# Problem to work on:
From the line containing "Separate Garage and" through the last line below, copy every line exactly, leaving out the pictures.

# Task data:
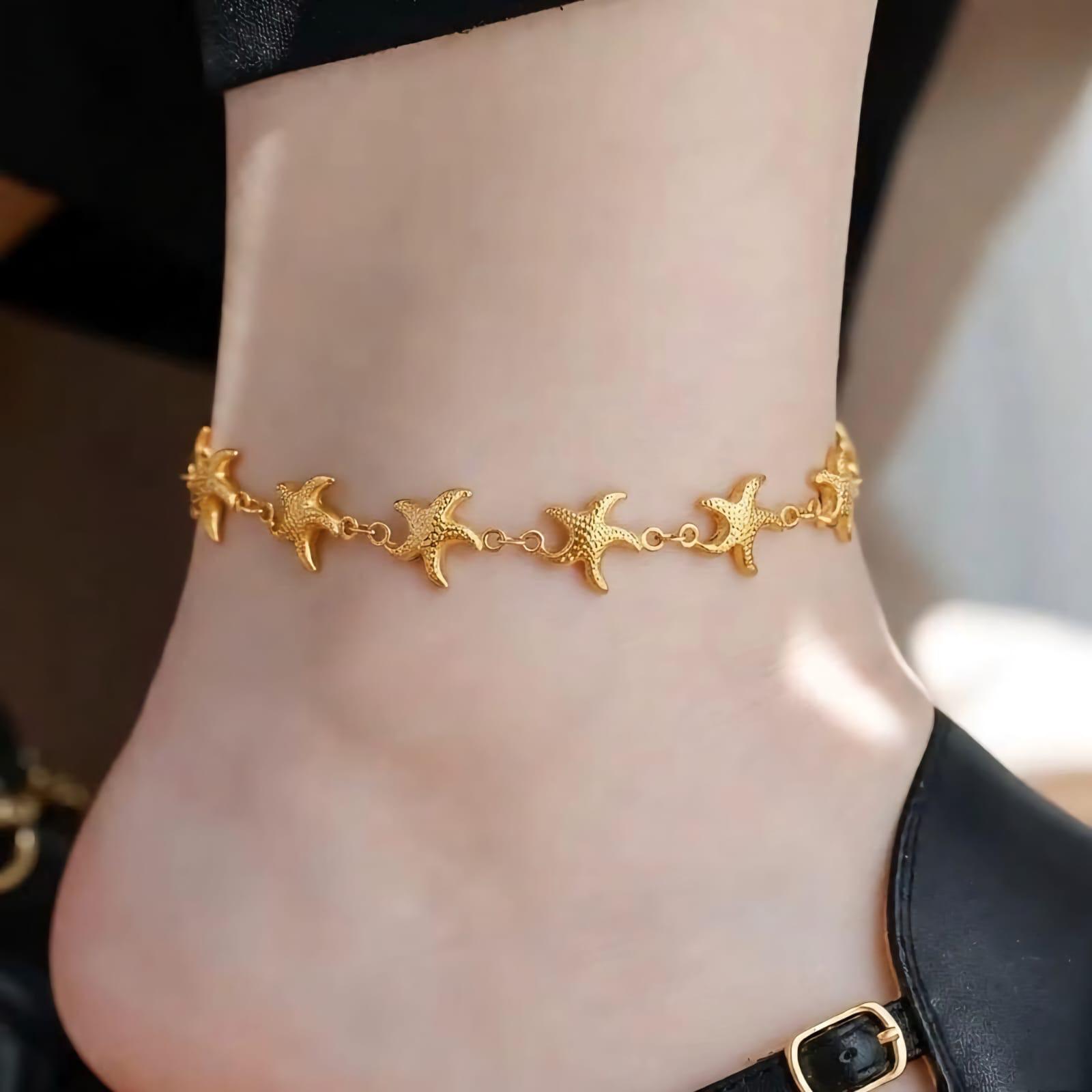 Starfish Anklet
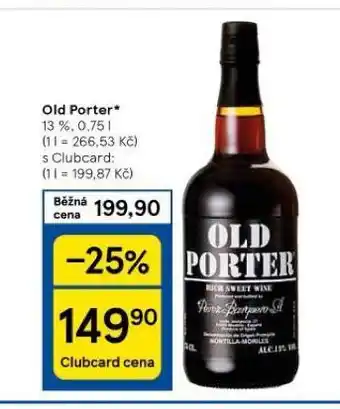 Tesco Old porter nabídka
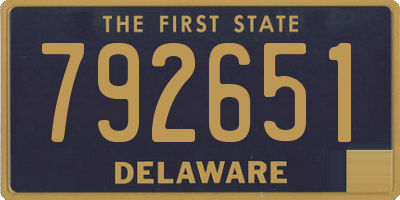 DE license plate 792651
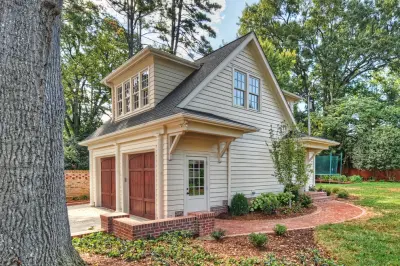Separate Garage and Living Space by Hopedale Builders, Inc.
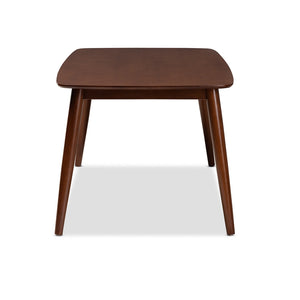 Baxton Studio Edna Mid-Century Modern Walnut Finished Wood Dining Table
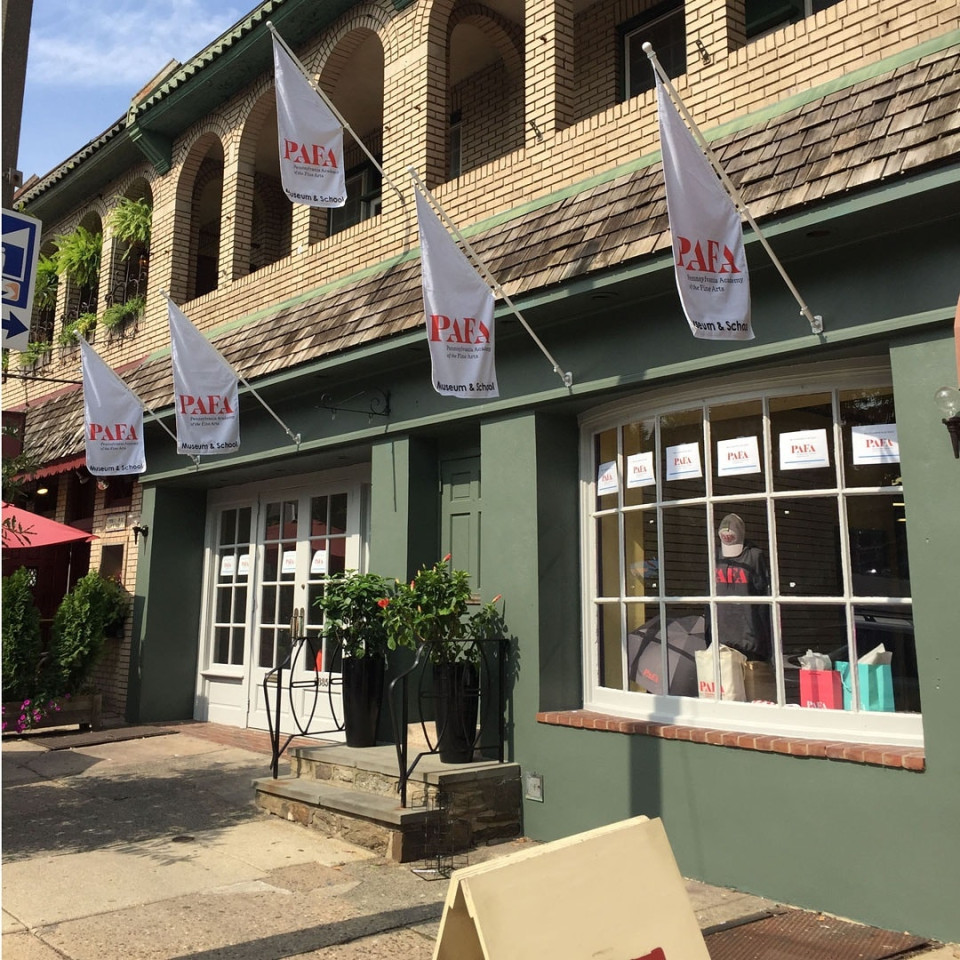 Exterior view of the PAFA Northwest pop-up store.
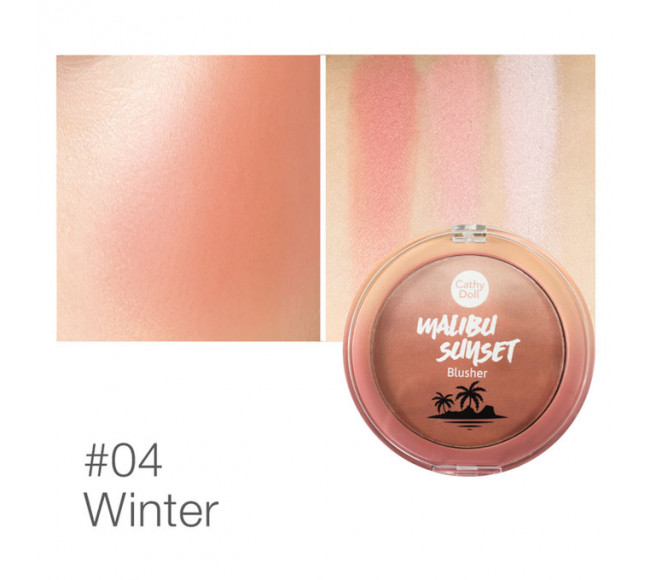 Phấn Má Hồng Cathy Doll Malibu Sunset Blusher Spring 7g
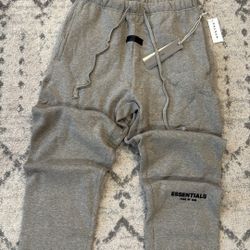 Dark Oatmeal Essentials Sweatpants Size L
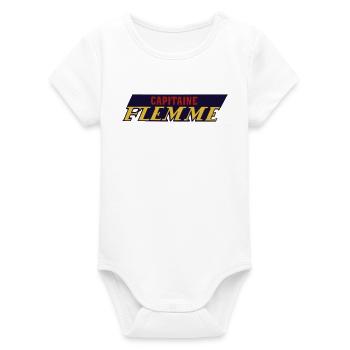 Fauler Kapitän - Organic Kurzarm-Babybody von Stanley/Stella - Weiß - Vorne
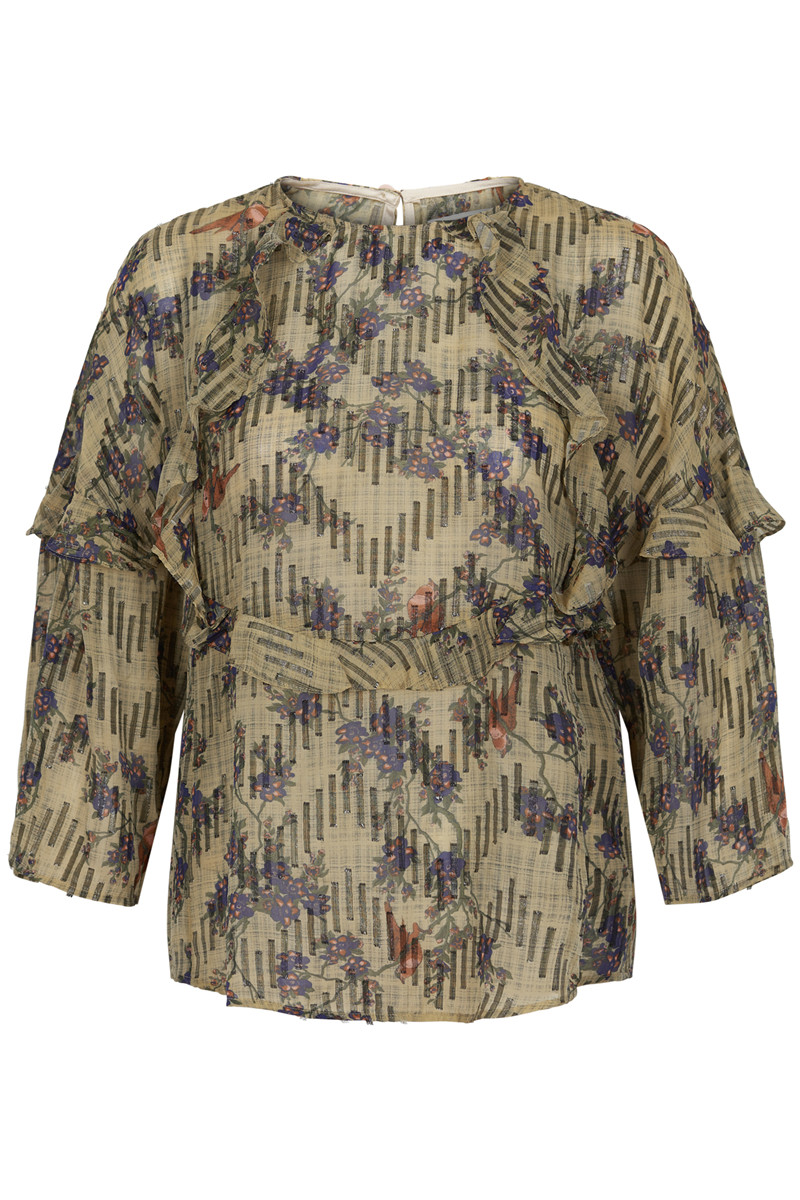 MUNTHE VERA BLOUSE (Brown, 38)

# Response below:
Separate Garage and Living Space by Hopedale Builders, Inc.
 Baxton Studio Edna Mid-Century Modern Walnut Finished Wood Dining Table
 Exterior view of the PAFA Northwest pop-up store.
 Phấn Má Hồng Cathy Doll Malibu Sunset Blusher Spring 7g
 Dark Oatmeal Essentials Sweatpants Size L
 Fauler Kapitän - Organic Kurzarm-Babybody von Stanley/Stella - Weiß - Vorne
 MUNTHE VERA BLOUSE (Brown, 38)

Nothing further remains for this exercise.